ECIR’16 contributions

Last Sunday, Anne Schuth and I gave a tutorial on Living Labs for Online Evaluation. The tutorial’s homepage contains all the slides and reference material.

Experimental evaluation has always been central to Information Retrieval research. The field is increasingly moving towards online evaluation, which involves experimenting with real, unsuspecting users in their natural task environments, a so-called living lab. Specifically, with the recent introduction of the Living Labs for IR Evaluation initiative at CLEF and the OpenSearch track at TREC, researchers can now have direct access to such labs. With these benchmarking platforms in place, we believe that online evaluation will be an exciting area to work on in the future. This half-day tutorial aims to provide a comprehensive overview of the underlying theory and complement it with practical guidance.

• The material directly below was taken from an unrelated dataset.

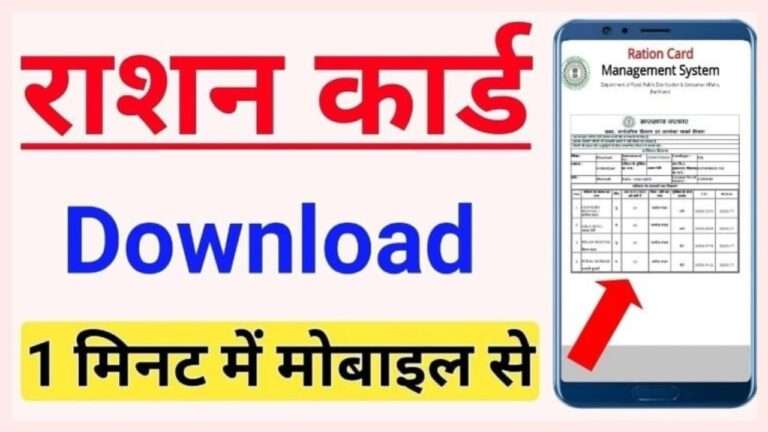 राशन कार्ड डाउनलोड कैसे करें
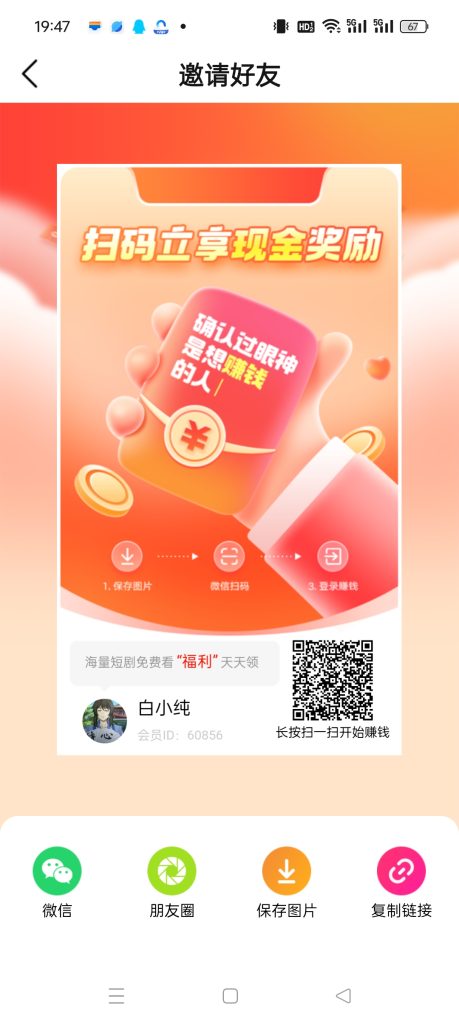 〖星曜金牛〗零撸不养机，保底收益高，玩赚模式-317首码网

Today, Faegheh Hashibi is presenting our work on the reproducibility of the TAGME Entity Linking System. The full paper and resources for this work are available online.

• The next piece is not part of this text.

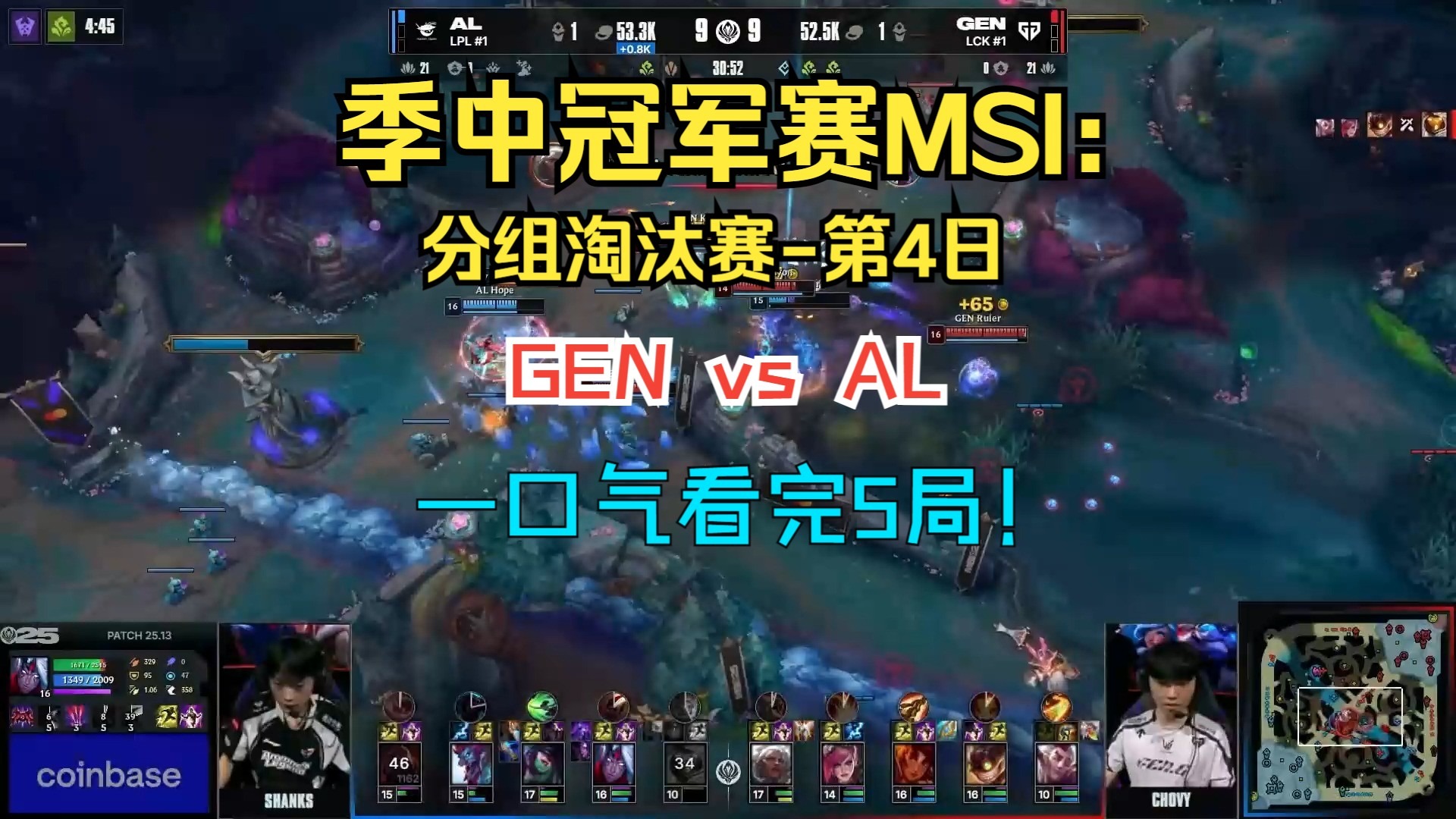 包含SHR横扫FNC,Knight关键团战开团秒人宿敌对决淘汰赛,强势挺进下一轮的词条 包含SHR横扫FNC,Knight关键团战开团秒人宿敌对决淘汰赛,强势挺进下一轮的词条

Among the variety of approaches proposed for entity linking, the TAGME system has gained due attention and is considered a must-have baseline. In this paper, we examine the repeatability, reproducibility, and generalizability of TAGME, by comparing results obtained from its public API with (re)implementations from scratch. We find that the results reported in the paper cannot be repeated due to unavailability of data sources. Part of the results are reproducible only through the provided API, while the rest are not reproducible. We further show that the TAGME approach is generalizable to the task of entity linking in queries. Finally, we provide insights gained during this process and formulate lessons learned to inform future reducibility efforts.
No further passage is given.